Short text fragments from websites:
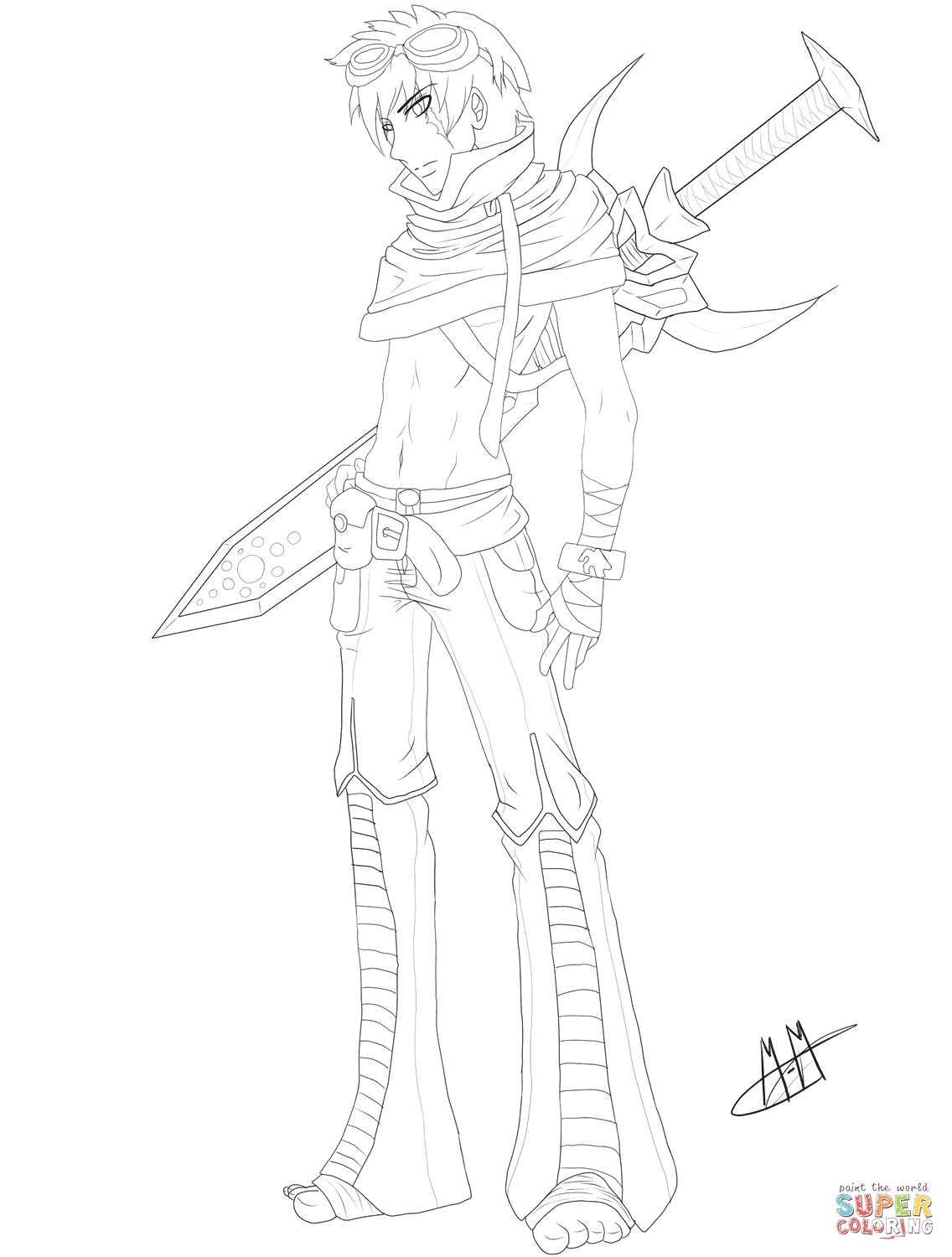 1136x1500 Anime Girl And Boy Coloring Pages Collection Free Coloring Sheets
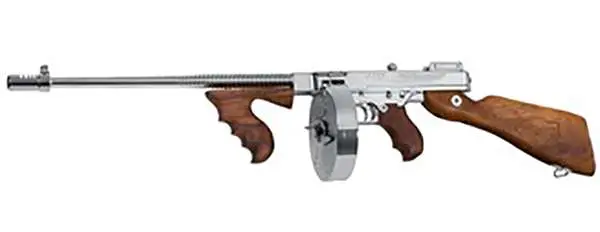 Thompson THOMPS 1927A1 DELUXE 45ACP RFL CHROME 50RD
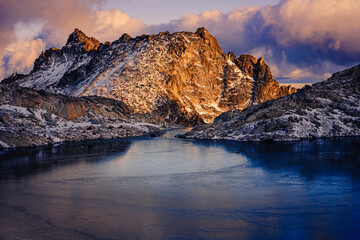 Winter comes to the Enchantments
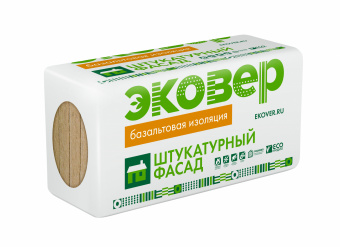 ЭКОВЕР Экофасад  (1000Х600Х120) 4/0,288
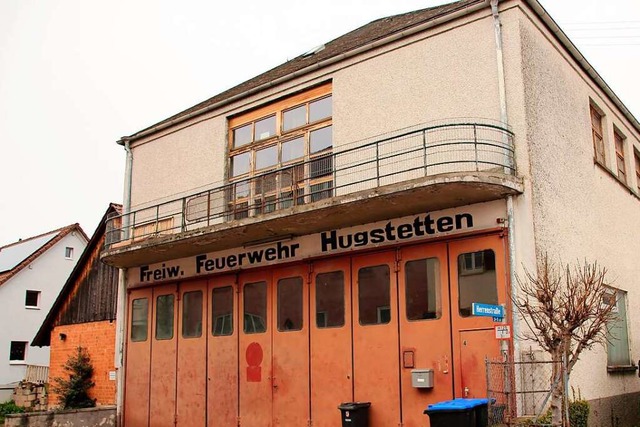 Weil es ortsbildprgend ist, soll das alte Feuerwehrhaus erhalten bleiben.  | Foto: Mario Schneberg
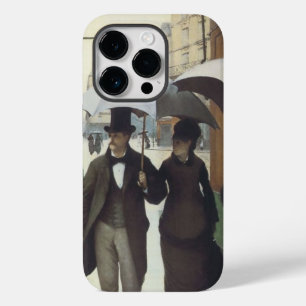 Funda Para iPhone 14 Pro De Case-Mate Día de lluvias en las calles de París
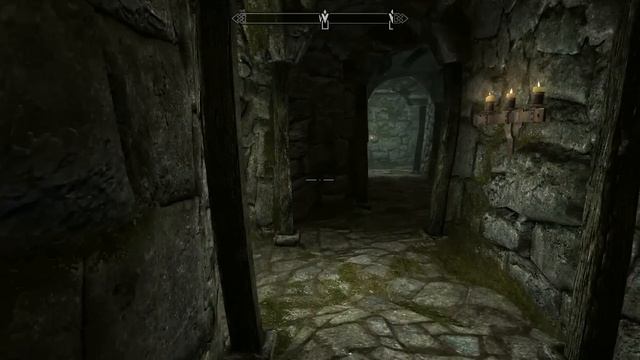 Skyrim Playthrough - Part 42 - Treva's Watch Dual Dagger Stabbery смотреть онлайн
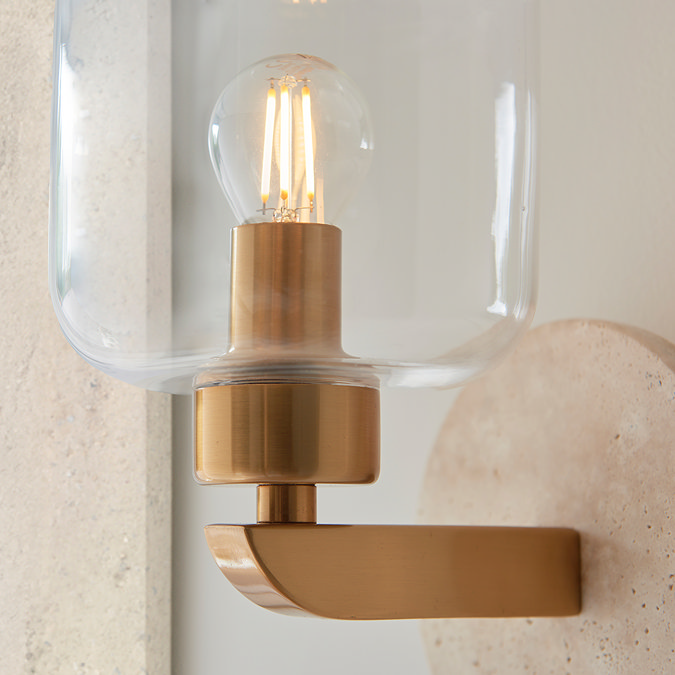 caspian wall light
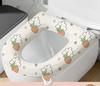 Waterproof Toilet Seat Cushion Four Seasons Universal Toilet Seat Cushion Household Toilet Seat Cover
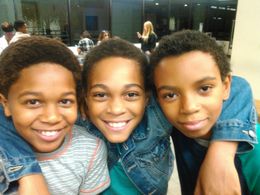 Lleythan, Paul-Mikel & Mataeo, Ocean Park Casting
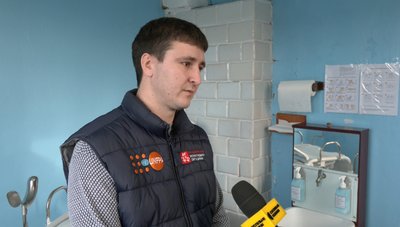 Як працює мобільна гінекологічна бригада на Волині — Ярослав Загоруйко Як працює мобільна гінекологічна бригада на Волині — Ярослав Загоруйко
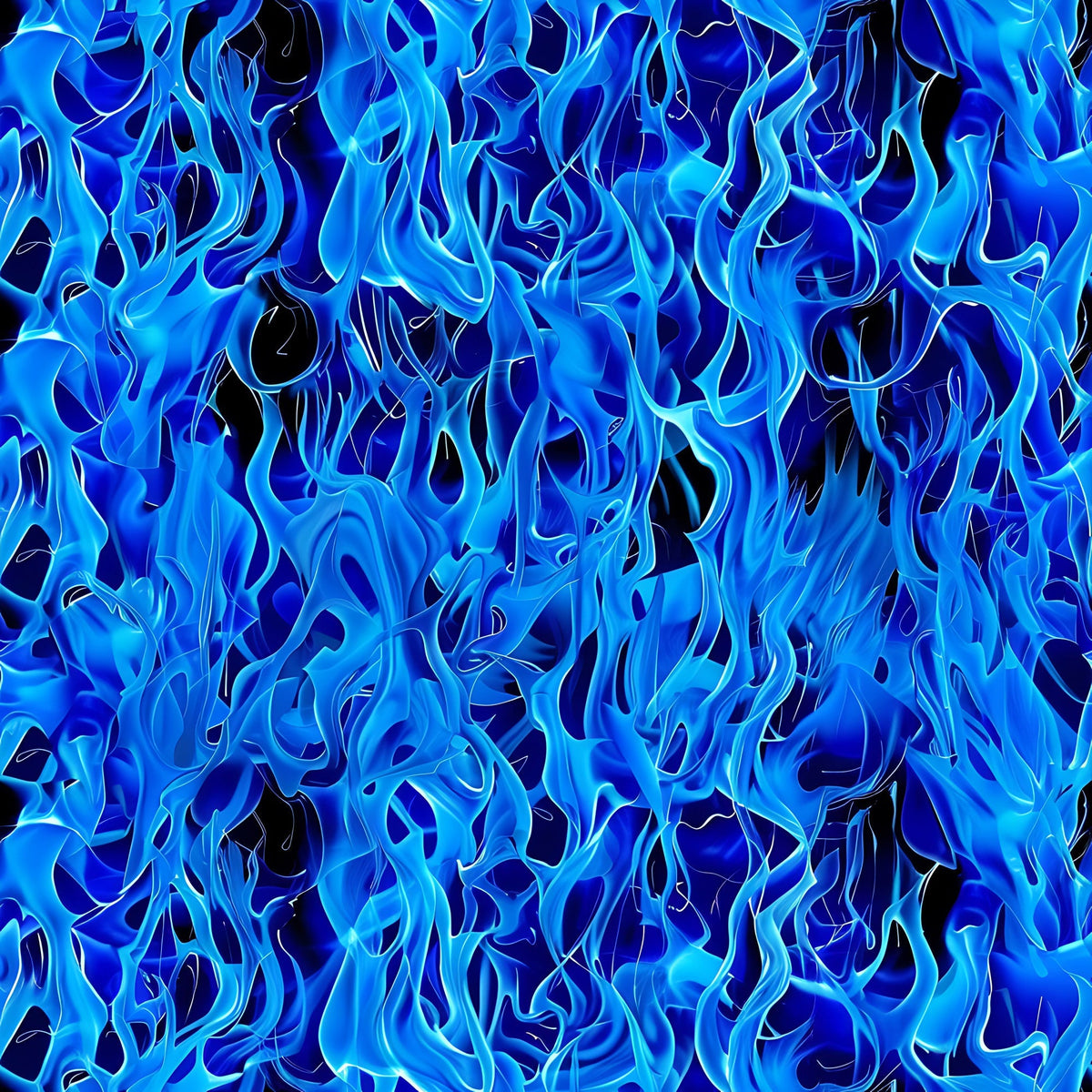 Sapphire Inferno Pattern 11 Minky Fabric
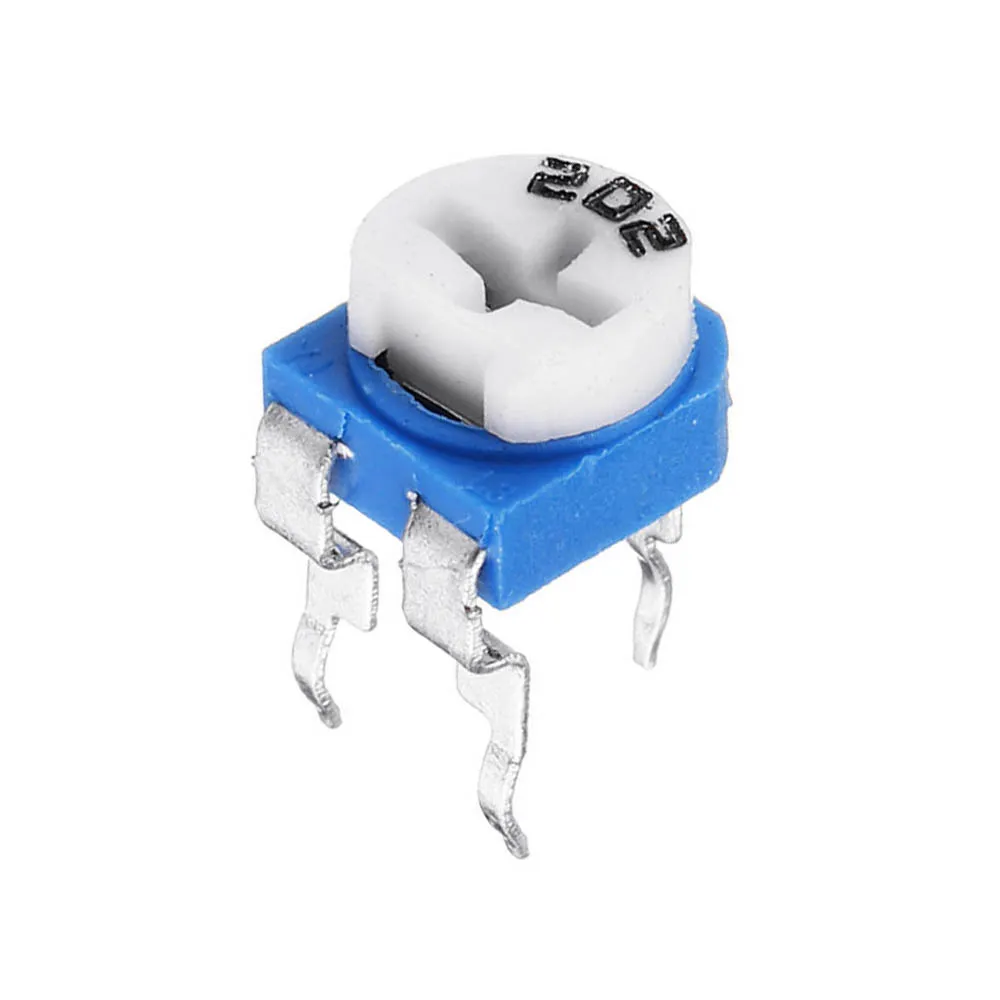 2K Ohm RM065 Trimpot Trimmer Potentiometer (Pack of 2)
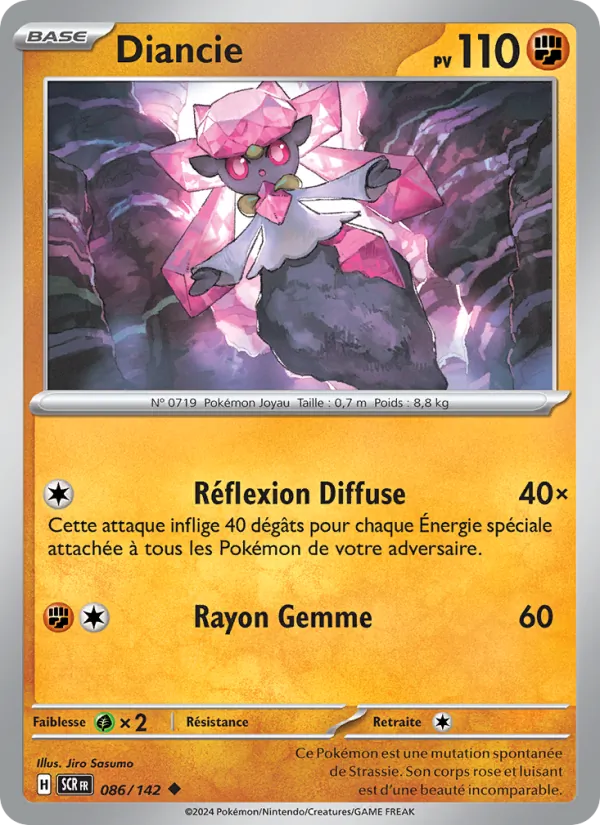 Diancie (Couronne Stellaire #086/142)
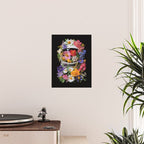 Cosmic Bloom Poster Gallery Image 2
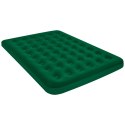 NC2803 MATERAC TURYSTYCZNY DMUCHANY 203X152X22 CM ZIELONY NILS CAMP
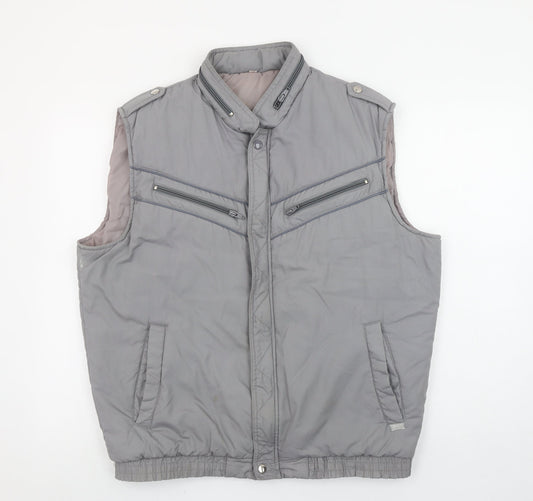 Mens UK Size 44 Nico Grey Bodywarmer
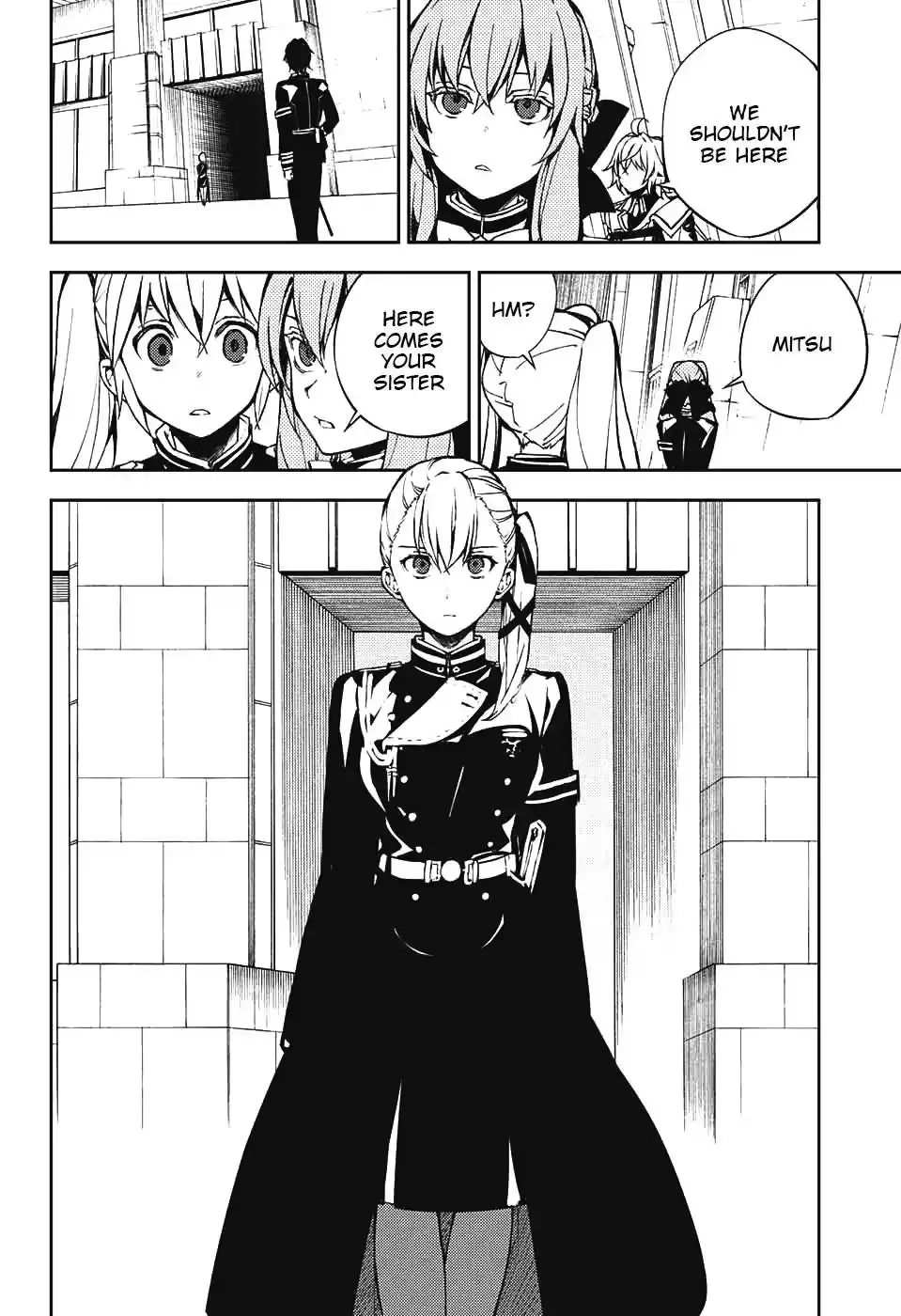 Owari no Seraph Chapter 70 19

### [Work order]
Each line from the start of the entries to the line holding "2K Ohm RM065" is to be given again exactly, both ends included, and each picture is to be left out.

### [Answer space]
 1136x1500 Anime Girl And Boy Coloring Pages Collection Free Coloring Sheets
 Thompson THOMPS 1927A1 DELUXE 45ACP RFL CHROME 50RD
 Winter comes to the Enchantments
 ЭКОВЕР Экофасад  (1000Х600Х120) 4/0,288
 Weil es ortsbildprgend ist, soll das alte Feuerwehrhaus erhalten bleiben.  | Foto: Mario Schneberg
 Funda Para iPhone 14 Pro De Case-Mate Día de lluvias en las calles de París
 Skyrim Playthrough - Part 42 - Treva's Watch Dual Dagger Stabbery смотреть онлайн
 caspian wall light
 Waterproof Toilet Seat Cushion Four Seasons Universal Toilet Seat Cushion Household Toilet Seat Cover
 Lleythan, Paul-Mikel & Mataeo, Ocean Park Casting
 Як працює мобільна гінекологічна бригада на Волині — Ярослав Загоруйко Як працює мобільна гінекологічна бригада на Волині — Ярослав Загоруйко
 Sapphire Inferno Pattern 11 Minky Fabric
 2K Ohm RM065 Trimpot Trimmer Potentiometer (Pack of 2)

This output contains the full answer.